[GOAL OF THE EXERCISE]: The entries below contain a stretch that opens with the line containing "Viele Tische blieben" and closes with the line containing "Gießpulver anrühren –"; set down that stretch exactly, both ends included, and nothing else.

[RECORDS PROVIDED]:
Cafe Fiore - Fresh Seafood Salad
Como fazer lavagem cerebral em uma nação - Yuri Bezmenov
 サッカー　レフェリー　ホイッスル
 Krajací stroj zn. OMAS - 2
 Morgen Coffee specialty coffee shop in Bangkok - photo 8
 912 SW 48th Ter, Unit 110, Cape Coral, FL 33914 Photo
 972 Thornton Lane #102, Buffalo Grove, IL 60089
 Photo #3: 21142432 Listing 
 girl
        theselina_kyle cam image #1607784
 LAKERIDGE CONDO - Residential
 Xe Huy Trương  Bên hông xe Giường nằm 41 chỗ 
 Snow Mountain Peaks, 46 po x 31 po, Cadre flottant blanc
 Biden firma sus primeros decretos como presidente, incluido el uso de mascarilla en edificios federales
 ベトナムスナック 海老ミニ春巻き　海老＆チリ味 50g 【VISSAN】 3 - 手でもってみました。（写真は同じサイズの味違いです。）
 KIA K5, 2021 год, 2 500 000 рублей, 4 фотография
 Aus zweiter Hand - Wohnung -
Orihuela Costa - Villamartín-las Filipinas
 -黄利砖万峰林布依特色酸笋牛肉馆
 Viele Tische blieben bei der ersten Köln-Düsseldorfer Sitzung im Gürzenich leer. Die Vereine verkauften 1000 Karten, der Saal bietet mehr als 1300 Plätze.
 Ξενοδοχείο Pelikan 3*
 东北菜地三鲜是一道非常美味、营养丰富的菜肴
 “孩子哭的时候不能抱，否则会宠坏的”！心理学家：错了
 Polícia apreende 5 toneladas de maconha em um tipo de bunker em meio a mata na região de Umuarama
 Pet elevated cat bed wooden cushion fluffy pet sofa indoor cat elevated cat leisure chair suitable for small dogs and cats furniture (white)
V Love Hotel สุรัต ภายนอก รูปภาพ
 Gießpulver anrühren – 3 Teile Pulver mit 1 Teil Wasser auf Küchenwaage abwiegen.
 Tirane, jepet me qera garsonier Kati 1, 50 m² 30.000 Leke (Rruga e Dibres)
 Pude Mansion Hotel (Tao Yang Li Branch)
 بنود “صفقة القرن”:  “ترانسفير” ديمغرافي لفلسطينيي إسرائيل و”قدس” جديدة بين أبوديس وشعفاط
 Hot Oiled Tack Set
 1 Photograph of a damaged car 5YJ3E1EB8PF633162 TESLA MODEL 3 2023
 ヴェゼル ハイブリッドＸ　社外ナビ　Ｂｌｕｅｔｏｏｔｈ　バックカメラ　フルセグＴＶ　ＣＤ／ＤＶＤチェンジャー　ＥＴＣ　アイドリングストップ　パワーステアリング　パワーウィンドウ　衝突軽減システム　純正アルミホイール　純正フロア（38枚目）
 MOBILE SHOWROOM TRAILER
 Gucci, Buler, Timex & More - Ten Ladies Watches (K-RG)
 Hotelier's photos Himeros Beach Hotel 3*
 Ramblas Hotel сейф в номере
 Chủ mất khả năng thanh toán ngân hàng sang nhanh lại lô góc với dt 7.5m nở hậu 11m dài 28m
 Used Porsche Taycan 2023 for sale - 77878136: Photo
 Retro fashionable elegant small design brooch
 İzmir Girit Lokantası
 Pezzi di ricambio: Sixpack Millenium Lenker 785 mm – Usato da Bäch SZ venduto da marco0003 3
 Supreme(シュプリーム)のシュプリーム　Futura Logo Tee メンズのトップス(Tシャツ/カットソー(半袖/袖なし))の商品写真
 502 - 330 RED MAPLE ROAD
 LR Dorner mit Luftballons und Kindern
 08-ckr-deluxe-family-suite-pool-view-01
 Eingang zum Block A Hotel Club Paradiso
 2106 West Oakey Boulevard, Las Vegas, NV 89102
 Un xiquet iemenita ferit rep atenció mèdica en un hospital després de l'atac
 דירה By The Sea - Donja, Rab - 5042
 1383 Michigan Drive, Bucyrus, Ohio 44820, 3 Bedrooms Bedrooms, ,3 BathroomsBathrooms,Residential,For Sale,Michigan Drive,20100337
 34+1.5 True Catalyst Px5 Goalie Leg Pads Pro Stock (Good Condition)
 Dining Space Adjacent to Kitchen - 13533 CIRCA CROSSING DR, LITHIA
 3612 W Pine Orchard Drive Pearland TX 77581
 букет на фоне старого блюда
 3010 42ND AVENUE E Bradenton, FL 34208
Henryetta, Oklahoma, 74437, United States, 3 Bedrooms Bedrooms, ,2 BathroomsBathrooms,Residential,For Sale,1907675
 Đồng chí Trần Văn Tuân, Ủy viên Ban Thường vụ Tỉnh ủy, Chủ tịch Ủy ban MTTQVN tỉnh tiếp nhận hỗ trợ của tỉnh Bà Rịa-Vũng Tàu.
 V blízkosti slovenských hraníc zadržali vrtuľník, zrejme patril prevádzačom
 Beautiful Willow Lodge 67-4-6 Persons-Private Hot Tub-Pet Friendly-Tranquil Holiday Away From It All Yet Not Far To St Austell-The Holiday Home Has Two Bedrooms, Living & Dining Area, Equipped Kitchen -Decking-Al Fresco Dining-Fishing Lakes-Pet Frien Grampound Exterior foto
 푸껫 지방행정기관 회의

[WRITTEN REPLY]:
 Viele Tische blieben bei der ersten Köln-Düsseldorfer Sitzung im Gürzenich leer. Die Vereine verkauften 1000 Karten, der Saal bietet mehr als 1300 Plätze.
 Ξενοδοχείο Pelikan 3*
 东北菜地三鲜是一道非常美味、营养丰富的菜肴
 “孩子哭的时候不能抱，否则会宠坏的”！心理学家：错了
 Polícia apreende 5 toneladas de maconha em um tipo de bunker em meio a mata na região de Umuarama
 Pet elevated cat bed wooden cushion fluffy pet sofa indoor cat elevated cat leisure chair suitable for small dogs and cats furniture (white)
V Love Hotel สุรัต ภายนอก รูปภาพ
 Gießpulver anrühren – 3 Teile Pulver mit 1 Teil Wasser auf Küchenwaage abwiegen.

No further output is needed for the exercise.